- [Task goal] Leave out the pictures and print the rest of the entries exactly as they stand.

--- Entries shown Enclosed Below ---

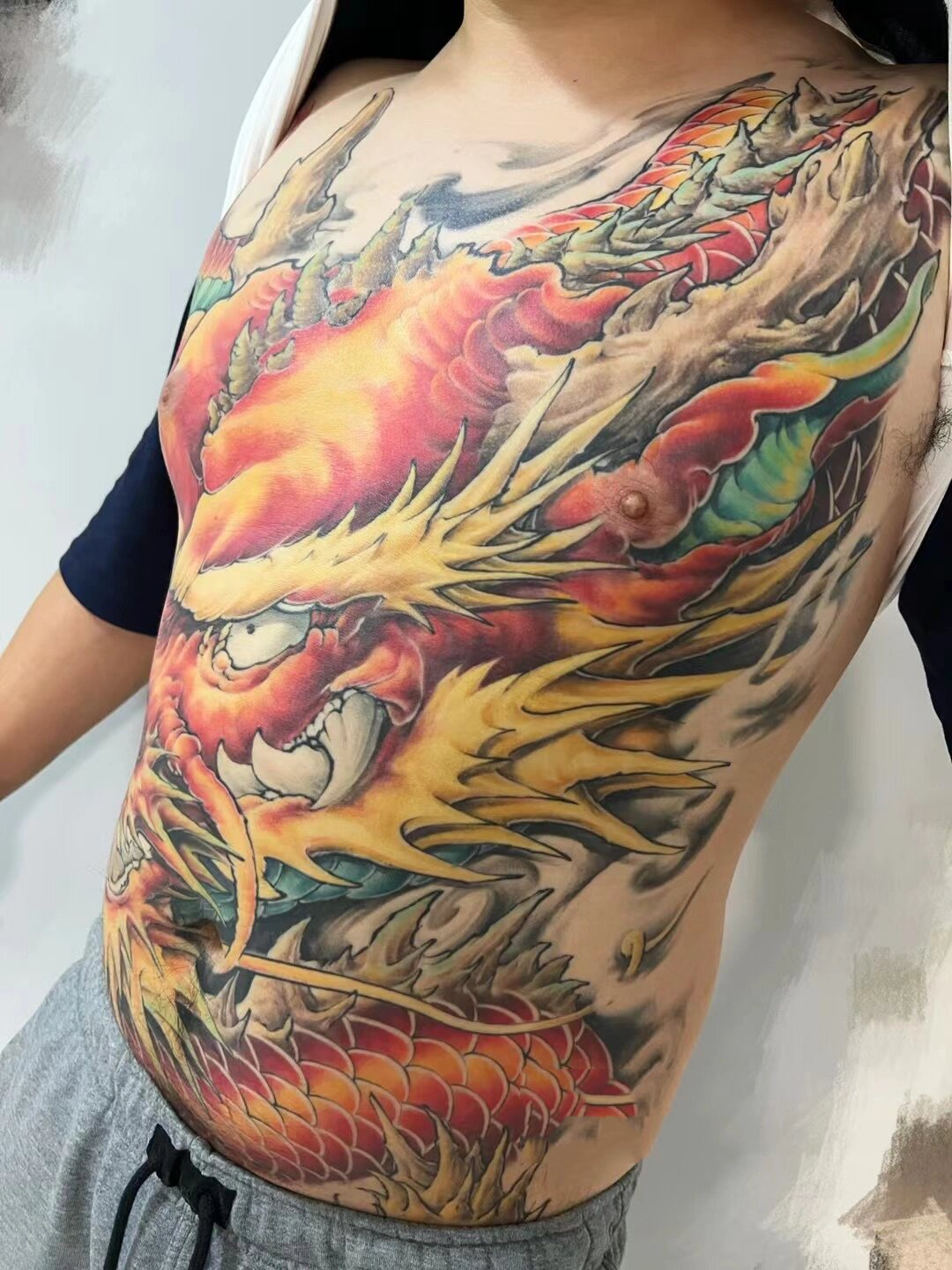 高老板兒 | 龙头 恶龙呲牙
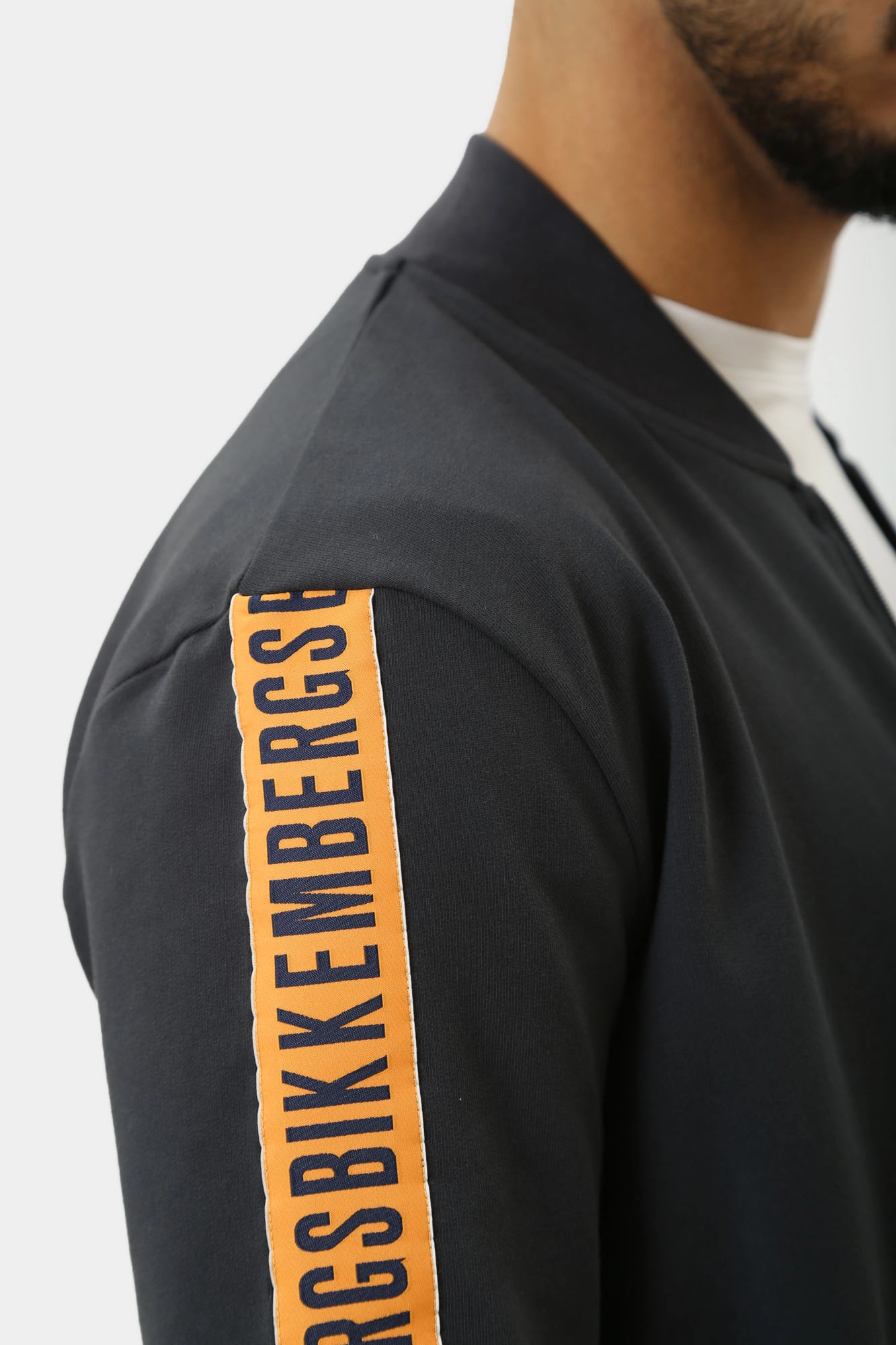 PBMF0213 Тректоп Bikkembergs Синий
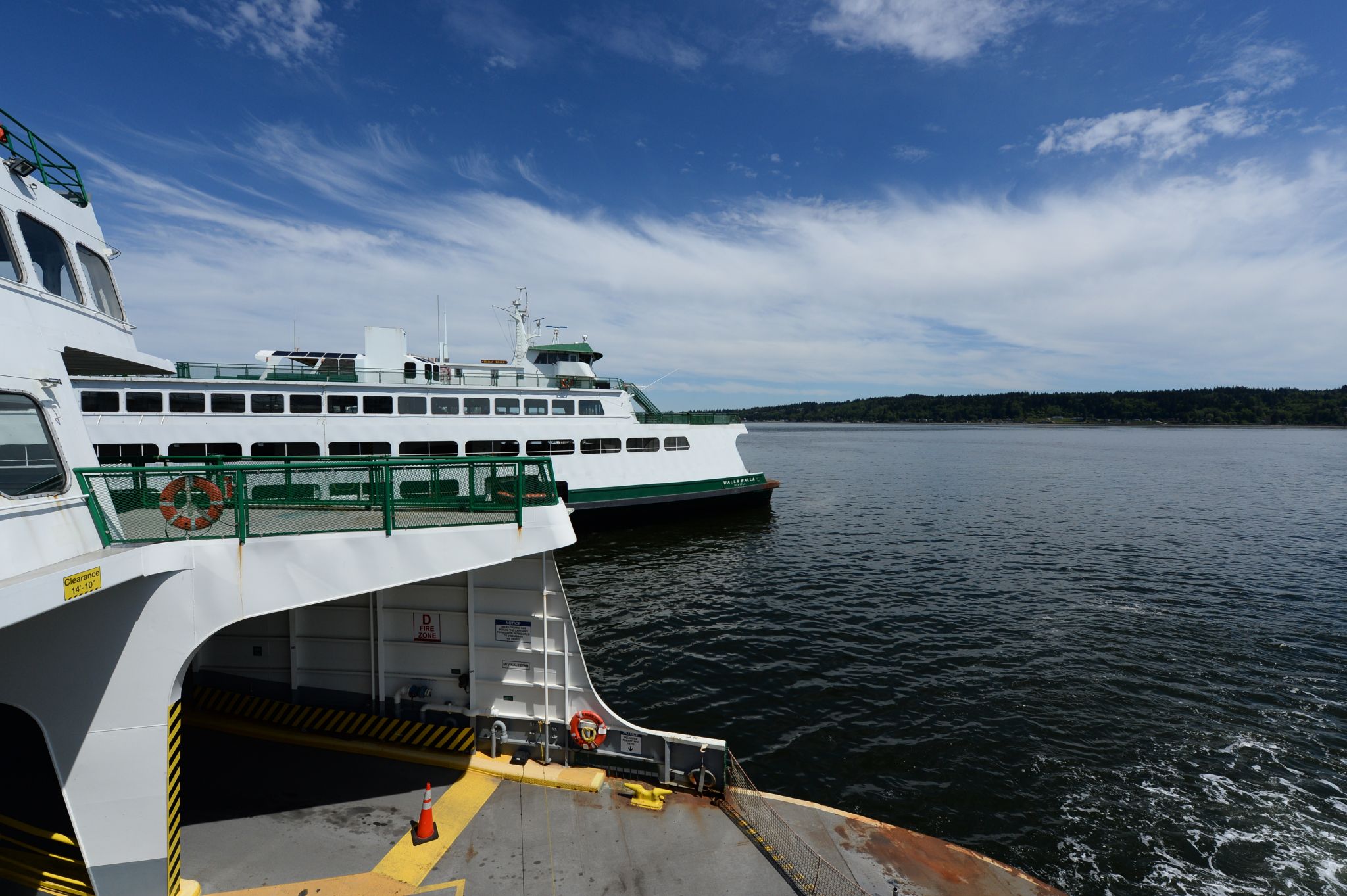 Seattle-Bremerton To Have One-boat Ferry Service This Week After Crack ...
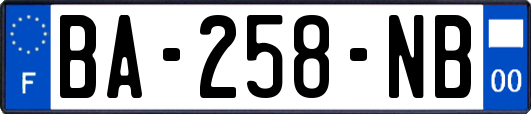 BA-258-NB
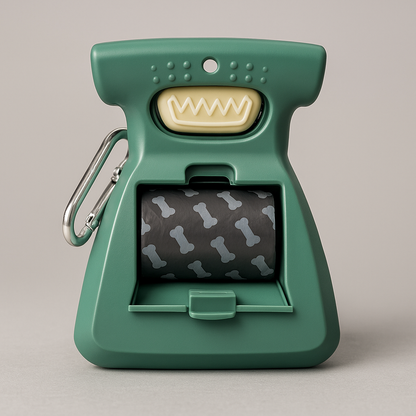 Zoolie® Faltbare Hundetoilette – Tragbare Hundekotbeutel für Unterwegs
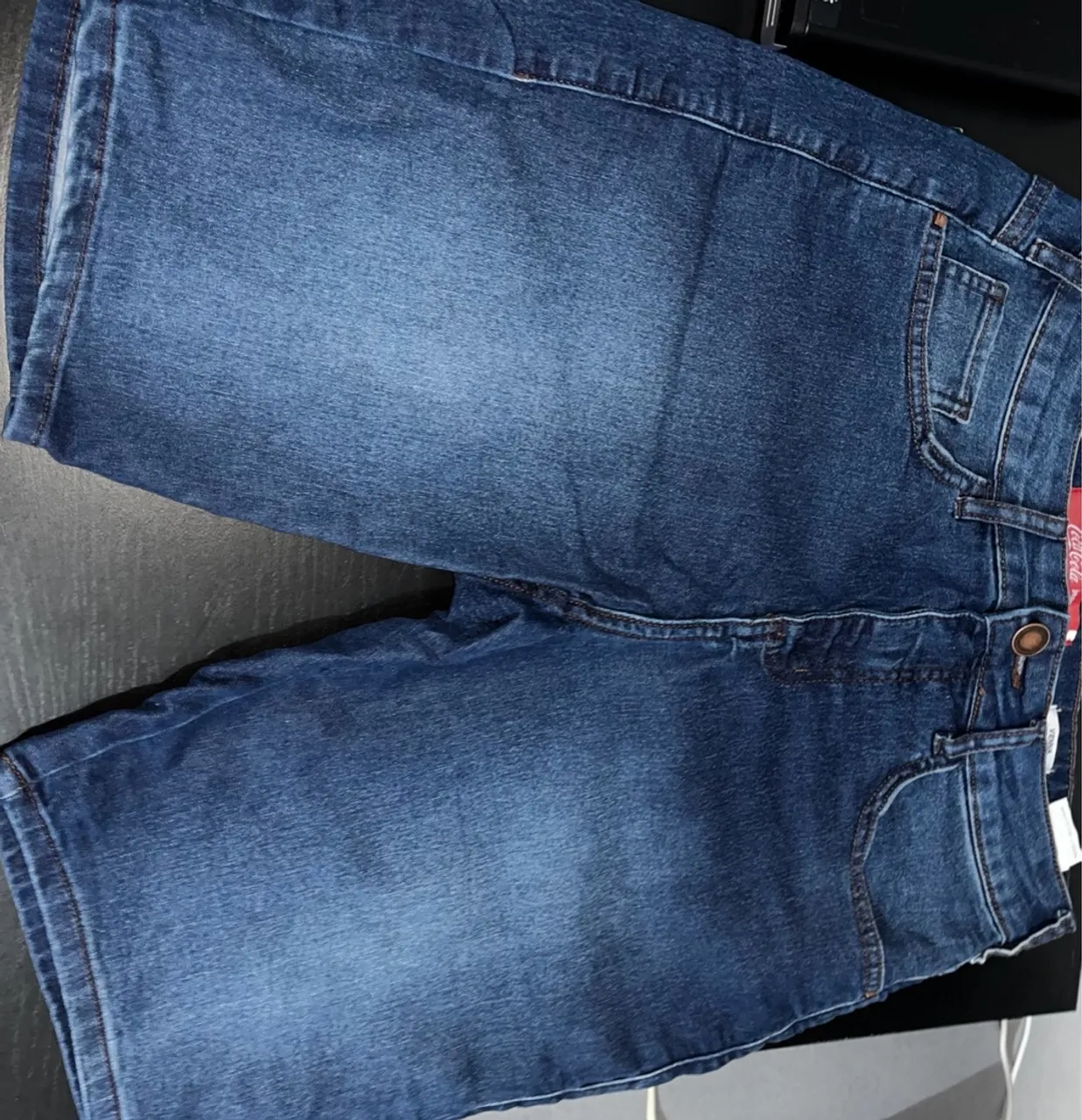 Short Jeans Coca-Cola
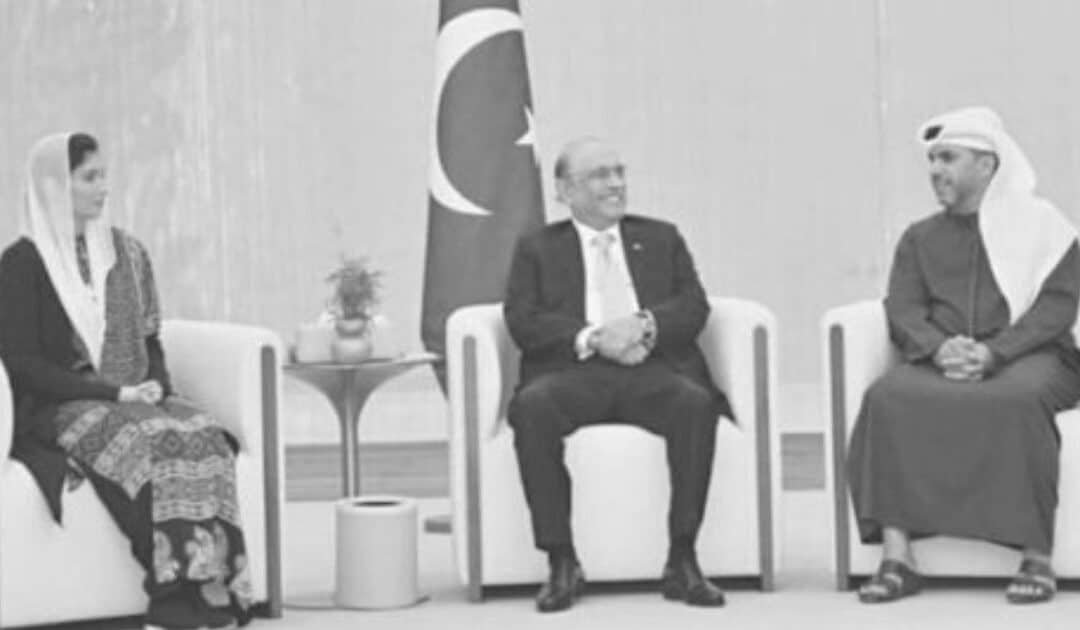 Zardari Enacts Controversial Bills, Departs for UAE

--- End of Enclosed Entries shown ---

- [Answer area]
 高老板兒 | 龙头 恶龙呲牙
 PBMF0213 Тректоп Bikkembergs Синий
 Seattle-Bremerton To Have One-boat Ferry Service This Week After Crack ...
 BA-258-NB
 Zoolie® Faltbare Hundetoilette – Tragbare Hundekotbeutel für Unterwegs
 Short Jeans Coca-Cola
 Zardari Enacts Controversial Bills, Departs for UAE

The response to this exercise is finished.